Aim for high test coverage, especially for core packages and public APIs. Coverage reports help identify untested code paths, but coverage alone does not guarantee correctness — focus on meaningful assertions that verify behavior, not just line execution:

Terminal window
# Generate coverage report
make coverage
# View in browser (generates coverage.html)
go tool cover -html=coverage.out -o coverage.html

Coverage reports are generated in CI and included in PR checks.

Testing iter.Seq2 based streaming requires collecting events into a slice before making assertions. The collectEvents helper function below is the standard pattern used throughout the test suite. This pattern converts the push-based iterator into a collected slice that you can assert on with standard Go testing tools:

func collectEvents(seq iter.Seq2[schema.Event, error]) ([]schema.Event, error) {
var events []schema.Event
for event, err := range seq {
if err != nil {
return events, err
}
events = append(events, event)
}
return events, nil
}
func TestAgentStream(t *testing.T) {
a := setupTestAgent()
events, err := collectEvents(a.Stream(context.Background(), "Hello"))
if err != nil {
t.Fatal(err)
}
if len(events) == 0 {
t.Error("expected at least one event")
}
}

All tests run automatically on every pull request via GitHub Actions.

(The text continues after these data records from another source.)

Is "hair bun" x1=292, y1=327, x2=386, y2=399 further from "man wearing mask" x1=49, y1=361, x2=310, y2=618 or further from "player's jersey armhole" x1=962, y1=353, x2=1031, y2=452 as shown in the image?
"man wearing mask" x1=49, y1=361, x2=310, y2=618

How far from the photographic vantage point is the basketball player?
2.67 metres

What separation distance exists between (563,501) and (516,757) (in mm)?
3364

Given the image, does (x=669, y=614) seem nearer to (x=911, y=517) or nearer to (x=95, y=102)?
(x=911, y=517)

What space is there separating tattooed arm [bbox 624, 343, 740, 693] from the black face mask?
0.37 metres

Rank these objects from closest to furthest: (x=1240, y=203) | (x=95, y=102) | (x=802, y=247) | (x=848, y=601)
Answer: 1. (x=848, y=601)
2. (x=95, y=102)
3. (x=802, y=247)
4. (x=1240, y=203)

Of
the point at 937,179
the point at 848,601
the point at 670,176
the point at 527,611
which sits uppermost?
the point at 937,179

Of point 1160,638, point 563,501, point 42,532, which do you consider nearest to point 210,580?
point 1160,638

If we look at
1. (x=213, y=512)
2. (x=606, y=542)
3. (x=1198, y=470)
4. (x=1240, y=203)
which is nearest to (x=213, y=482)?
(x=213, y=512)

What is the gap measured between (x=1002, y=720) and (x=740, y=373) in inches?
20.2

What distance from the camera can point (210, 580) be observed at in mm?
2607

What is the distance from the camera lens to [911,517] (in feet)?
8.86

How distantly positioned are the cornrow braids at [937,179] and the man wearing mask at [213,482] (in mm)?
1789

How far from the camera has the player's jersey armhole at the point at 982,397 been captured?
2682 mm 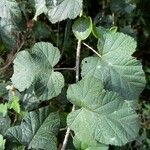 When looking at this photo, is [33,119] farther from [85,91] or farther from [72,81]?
[72,81]

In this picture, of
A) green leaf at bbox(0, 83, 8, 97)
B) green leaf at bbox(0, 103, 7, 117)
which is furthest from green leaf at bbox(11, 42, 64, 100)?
green leaf at bbox(0, 83, 8, 97)

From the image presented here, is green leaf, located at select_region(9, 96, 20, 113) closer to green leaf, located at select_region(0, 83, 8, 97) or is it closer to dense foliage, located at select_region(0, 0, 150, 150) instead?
dense foliage, located at select_region(0, 0, 150, 150)

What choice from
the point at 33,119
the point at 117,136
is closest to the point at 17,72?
the point at 33,119

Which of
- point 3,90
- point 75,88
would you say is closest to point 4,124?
point 3,90

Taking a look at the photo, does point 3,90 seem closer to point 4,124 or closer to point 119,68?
point 4,124

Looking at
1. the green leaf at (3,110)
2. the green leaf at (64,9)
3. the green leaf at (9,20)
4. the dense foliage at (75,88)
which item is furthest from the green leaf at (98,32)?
the green leaf at (3,110) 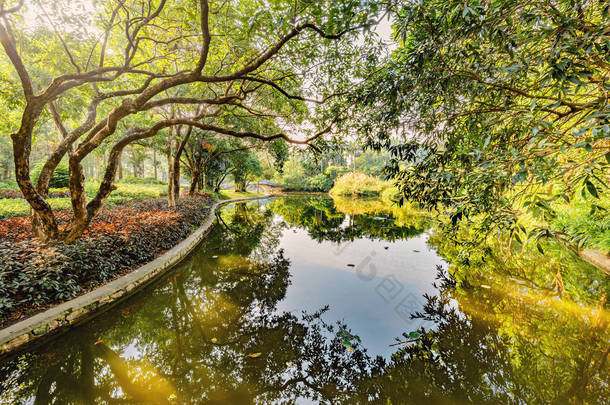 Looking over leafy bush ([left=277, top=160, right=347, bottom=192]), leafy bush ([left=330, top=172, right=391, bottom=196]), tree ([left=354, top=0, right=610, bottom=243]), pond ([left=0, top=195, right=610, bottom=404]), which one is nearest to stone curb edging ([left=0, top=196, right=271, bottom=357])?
pond ([left=0, top=195, right=610, bottom=404])

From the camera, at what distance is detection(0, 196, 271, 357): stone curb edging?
2.74 meters

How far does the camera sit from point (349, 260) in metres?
6.39

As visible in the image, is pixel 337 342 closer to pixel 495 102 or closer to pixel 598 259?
pixel 495 102

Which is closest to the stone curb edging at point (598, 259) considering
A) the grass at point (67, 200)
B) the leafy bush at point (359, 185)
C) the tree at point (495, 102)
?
the tree at point (495, 102)

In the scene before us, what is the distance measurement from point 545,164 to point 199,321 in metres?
4.60

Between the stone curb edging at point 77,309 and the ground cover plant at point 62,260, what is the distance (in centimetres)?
22

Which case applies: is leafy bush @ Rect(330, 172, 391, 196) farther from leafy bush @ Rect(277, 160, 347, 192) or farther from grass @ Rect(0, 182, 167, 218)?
grass @ Rect(0, 182, 167, 218)

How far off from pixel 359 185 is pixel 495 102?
2740cm

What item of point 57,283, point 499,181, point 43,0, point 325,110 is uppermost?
point 43,0

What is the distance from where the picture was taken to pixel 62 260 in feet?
12.2

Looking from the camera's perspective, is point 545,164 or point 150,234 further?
point 150,234

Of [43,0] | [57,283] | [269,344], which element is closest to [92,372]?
[57,283]

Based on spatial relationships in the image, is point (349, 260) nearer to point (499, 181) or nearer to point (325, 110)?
point (325, 110)

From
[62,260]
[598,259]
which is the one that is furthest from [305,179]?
[62,260] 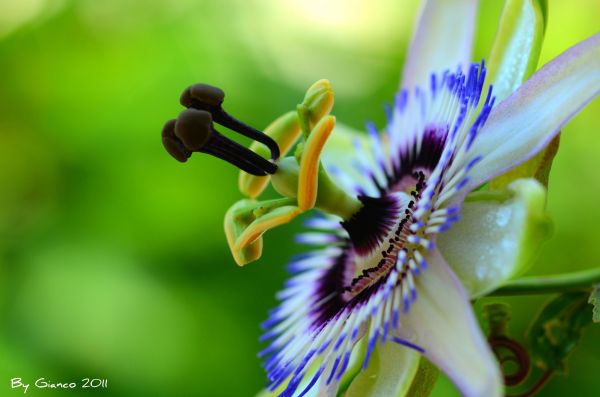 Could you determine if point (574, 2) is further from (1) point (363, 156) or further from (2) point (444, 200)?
(2) point (444, 200)

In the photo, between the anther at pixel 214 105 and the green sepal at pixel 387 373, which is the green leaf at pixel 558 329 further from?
the anther at pixel 214 105

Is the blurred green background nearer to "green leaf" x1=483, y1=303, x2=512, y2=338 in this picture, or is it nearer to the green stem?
"green leaf" x1=483, y1=303, x2=512, y2=338

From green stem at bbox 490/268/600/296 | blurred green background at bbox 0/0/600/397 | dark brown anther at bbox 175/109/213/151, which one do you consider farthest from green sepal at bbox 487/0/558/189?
blurred green background at bbox 0/0/600/397

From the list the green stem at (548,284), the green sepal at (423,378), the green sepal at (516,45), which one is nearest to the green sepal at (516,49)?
the green sepal at (516,45)

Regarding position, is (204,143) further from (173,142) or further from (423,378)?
(423,378)

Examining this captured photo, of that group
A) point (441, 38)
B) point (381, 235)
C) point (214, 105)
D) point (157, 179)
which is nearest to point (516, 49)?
point (441, 38)

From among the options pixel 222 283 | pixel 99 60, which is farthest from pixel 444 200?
pixel 99 60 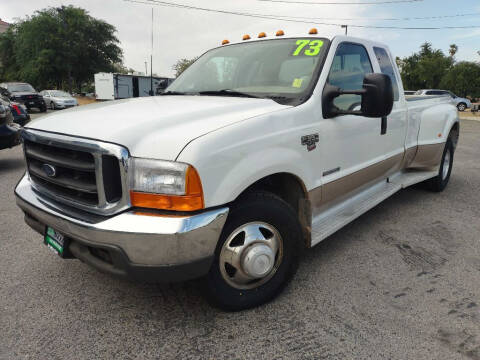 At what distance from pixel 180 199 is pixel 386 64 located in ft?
9.87

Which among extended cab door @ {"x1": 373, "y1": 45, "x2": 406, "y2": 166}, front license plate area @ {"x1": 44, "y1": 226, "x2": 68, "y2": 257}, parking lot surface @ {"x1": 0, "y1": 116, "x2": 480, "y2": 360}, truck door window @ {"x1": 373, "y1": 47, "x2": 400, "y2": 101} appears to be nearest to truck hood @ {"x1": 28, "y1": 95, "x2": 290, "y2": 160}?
front license plate area @ {"x1": 44, "y1": 226, "x2": 68, "y2": 257}

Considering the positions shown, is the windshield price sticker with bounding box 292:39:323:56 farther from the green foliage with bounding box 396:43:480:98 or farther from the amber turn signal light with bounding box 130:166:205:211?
the green foliage with bounding box 396:43:480:98

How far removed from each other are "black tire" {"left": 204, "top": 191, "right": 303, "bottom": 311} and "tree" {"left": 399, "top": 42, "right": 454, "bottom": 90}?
2166 inches

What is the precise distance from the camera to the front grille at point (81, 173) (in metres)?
1.95

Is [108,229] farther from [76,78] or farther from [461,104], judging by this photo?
[76,78]

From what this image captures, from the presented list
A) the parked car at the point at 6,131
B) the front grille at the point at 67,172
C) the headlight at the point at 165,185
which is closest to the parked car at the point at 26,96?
the parked car at the point at 6,131

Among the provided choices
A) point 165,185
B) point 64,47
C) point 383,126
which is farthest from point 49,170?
point 64,47

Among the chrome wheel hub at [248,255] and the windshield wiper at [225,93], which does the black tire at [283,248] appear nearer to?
the chrome wheel hub at [248,255]

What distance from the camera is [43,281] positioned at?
2848 mm

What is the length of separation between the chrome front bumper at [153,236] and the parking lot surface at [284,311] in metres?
0.46

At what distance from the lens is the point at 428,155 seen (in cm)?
462

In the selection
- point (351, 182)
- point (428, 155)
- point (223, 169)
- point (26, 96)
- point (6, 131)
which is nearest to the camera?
point (223, 169)

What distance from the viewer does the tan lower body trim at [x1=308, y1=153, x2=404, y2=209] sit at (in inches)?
112

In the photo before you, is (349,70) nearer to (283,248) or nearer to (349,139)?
(349,139) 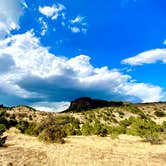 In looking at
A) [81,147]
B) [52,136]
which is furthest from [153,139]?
[52,136]

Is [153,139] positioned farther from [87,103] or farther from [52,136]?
[87,103]

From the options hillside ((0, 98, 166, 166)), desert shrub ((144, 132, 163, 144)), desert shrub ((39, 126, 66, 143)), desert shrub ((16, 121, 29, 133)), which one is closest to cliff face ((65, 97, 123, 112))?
hillside ((0, 98, 166, 166))

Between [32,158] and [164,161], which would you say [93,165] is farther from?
A: [164,161]

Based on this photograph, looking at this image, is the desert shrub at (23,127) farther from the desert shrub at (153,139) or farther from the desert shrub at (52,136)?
the desert shrub at (153,139)

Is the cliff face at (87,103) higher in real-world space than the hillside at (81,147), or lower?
higher

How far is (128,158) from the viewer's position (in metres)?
18.1

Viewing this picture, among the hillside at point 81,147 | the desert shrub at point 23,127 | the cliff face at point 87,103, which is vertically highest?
the cliff face at point 87,103

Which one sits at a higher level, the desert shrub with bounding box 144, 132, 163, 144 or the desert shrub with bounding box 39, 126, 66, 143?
the desert shrub with bounding box 39, 126, 66, 143

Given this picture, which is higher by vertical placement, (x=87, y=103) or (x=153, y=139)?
(x=87, y=103)

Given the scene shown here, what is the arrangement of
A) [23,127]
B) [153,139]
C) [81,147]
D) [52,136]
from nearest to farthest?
Result: [81,147] → [52,136] → [153,139] → [23,127]

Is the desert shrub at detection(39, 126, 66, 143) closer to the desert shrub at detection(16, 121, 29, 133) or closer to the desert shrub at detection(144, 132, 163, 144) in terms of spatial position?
the desert shrub at detection(144, 132, 163, 144)

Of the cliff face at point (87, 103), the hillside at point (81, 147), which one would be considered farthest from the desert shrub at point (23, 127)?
the cliff face at point (87, 103)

The CI pipeline runs:

  1. Lintgo vet and golangci-lint (13 linters including gosec, staticcheck, errcheck)
  2. Buildgo build ./... and go mod tidy verification
  3. Unit testsgo test -race with coverage reporting
  4. Integration testsgo test -race -tags integration
  5. Security scans — Snyk (dependency vulnerabilities), Trivy (filesystem scanning), govulncheck (Go vulnerability database), gosec (static security analysis), Gitleaks (secret detection), go-licenses (license compliance)
  6. SonarCloud — Code quality, duplication detection, and maintainability analysis
  7. Greptile — AI-powered code review via GitHub App (automatic on every PR)

All checks must pass before a PR can be merged. See the Pull Request Process for details.